Scale’s Synthetic Data Helps Kaleido AI Bring Better Visual AI to Everyone
Synthetic Data is Key for Improving Kaleido AI's Models
Headquartered in Vienna, Austria, Kaleido AI’s mission is to make complicated tech simple. By creating tools that simplify and accelerate workflows, foster creativity, and enable others to bring new ideas to life, the company provides everyone - from individuals to businesses of all sizes - access to the latest advancements in visual AI.
In 2019, Kaleido AI introduced remove.bg, the automatic image background remover, built to eliminate manual work and complex tools with high learning curves. In 2020, the team launched Unscreen, an online software that removes video backgrounds in no time. These simple but effective tools dramatically increased the speed at which users could achieve their goals. As a result, their popularity skyrocketed, which ultimately led to Canva acquiring Kaleido AI in early 2021.
Later that year, Kaleido AI launched Designify, the AI-powered tool that creates automatic designs for individuals, car dealerships, e-commerce websites, and more.
Kaleido AI’s incredibly effective and accurate tools use machine learning algorithms to automatically detect objects and backgrounds and return background-free photos and videos. Through easy-to-use APIs and plugins, developers and editors accelerate their workflows using Premiere Pro, After Effects, or other editing software.
Kaleido AI uses Scale Synthetic for synthetic data generation, edge case identification, and Scale’s machine learning expertise.
Kaleido AI Needed Better Data to Improve Segmentation for Challenging Edge Cases
Kaleido AI takes an AI-first approach to its visual editing tools, with a talented team of ML engineers on staff. Enabling simple, automated visual editing tools that work requires excellent machine learning models and excellent machine learning models need a large volume of high-quality data.
However, Kaleido AI encountered several edge cases in a specific segmentation task where their model performed poorly. Collecting and labeling tens of thousands of real-world images with a large diversity of patterns, images, backgrounds, and textures was difficult. Open datasets did not have enough high-quality images of this particular class.

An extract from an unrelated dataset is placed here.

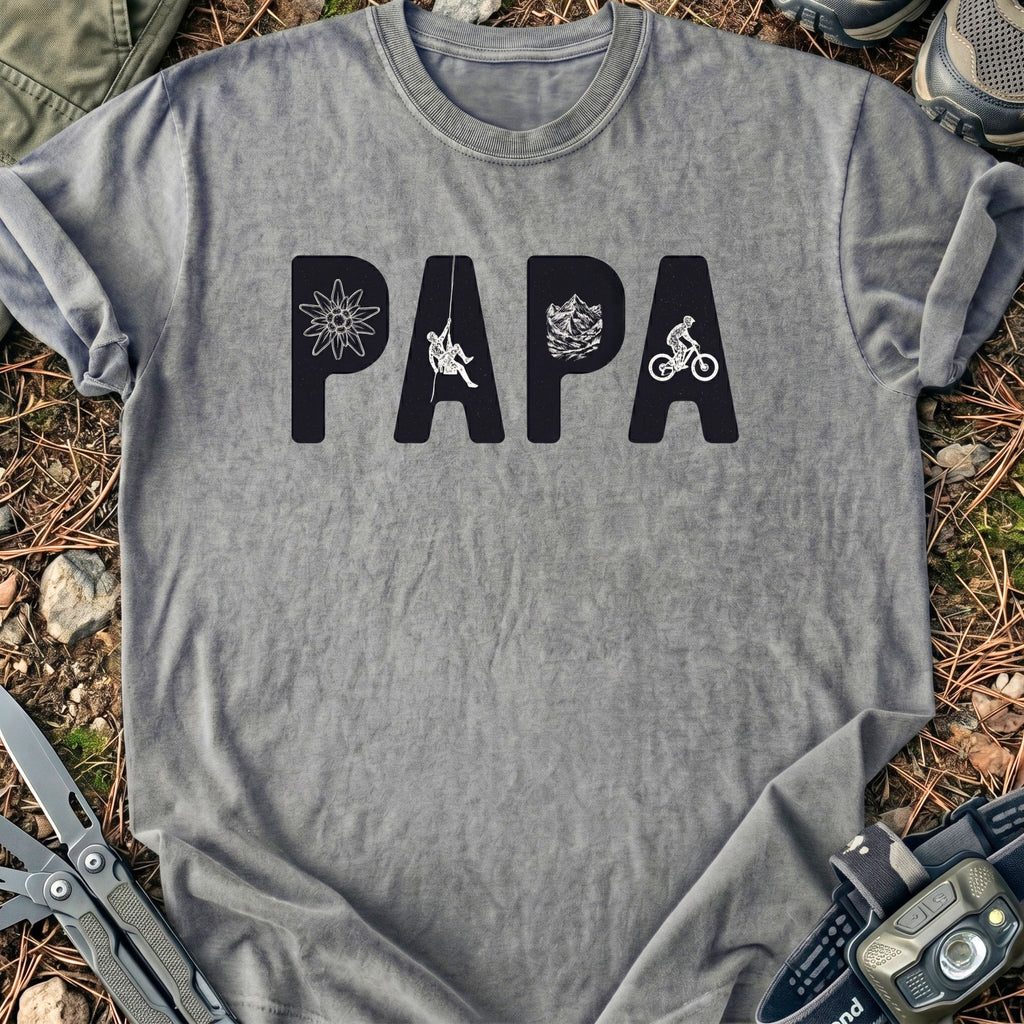 Papa T-Shirt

In the initial attempt to solve this issue, Kaleido AI relied on real-world data to train its segmentation models. Unfortunately, collecting and labeling a large amount of diverse real-world data was complex, resource-intensive, and costly. After this initial effort, the team determined that instead of spending the time and resources to develop their models with real-world data, they should consider using synthetic data to augment their dataset. So, they sought help from the experts in synthetic data at Scale AI.
Synthetic Helps Kaleido AI’s ML Team Prioritize and Generate Better Data to Improve Model Performance on Business-Critical Edge Cases
Kaleido AI asked Scale to help them generate synthetic data to help them continue to improve their model performance on object identification and improve the IoU of their model predictions. Kaleido AI had plateaued at an IoU of 0.657 with real-world data and needed to improve its model continuously.

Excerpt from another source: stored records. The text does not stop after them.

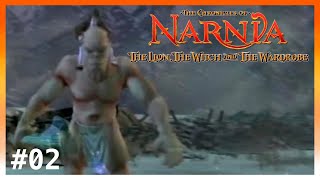 The Worst Levels Back to Back  The Chronicles of Narnia The Lion the Witch and the Wardrobe [upl. by Anua]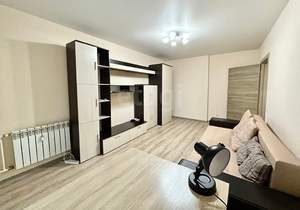 1-к квартира, на длительный срок, 34м2, 3/25 этаж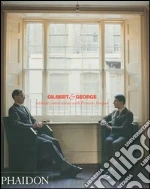 Gilbert & George; Jonquet Franois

Scale’s ML Engineers started by analyzing Kaleido AI's sample data and model inferences in Nucleus, Scale’s data curation platform. Scale quickly identified that the model was performing poorly in segmenting objects in images with complex patterns, the objects were shaded or transparent, or where there were shadows in the backgrounds of the scenes. Scale focused on these edge cases and generated a sample of 2,650 images of synthetic data with varied lighting, textures, and patterns. However, this first pass was not sufficient to meaningfully improve model performance.
The Scale team recognized that they needed more data specifically targeted at problem edge cases to improve model performance substantially. So the team did a deep dive into Nucleus to curate data to further identify these problem edge cases. They also introduced the ability to visualize Scale’s synthetic images compared to real images in 2D space. To do this, the Scale team first passed all the images to a RESNET 101 backbone and took the vector embedding of each image at various layers before passing them to t-SNE. Then, the team visualized which synthetic images were furthest in 2-dimensional space from real images and which real images formed a distinct and unaddressed cluster of images. Using this method, the Scale team identified the real images furthest from synthetic images and prioritized these edge cases.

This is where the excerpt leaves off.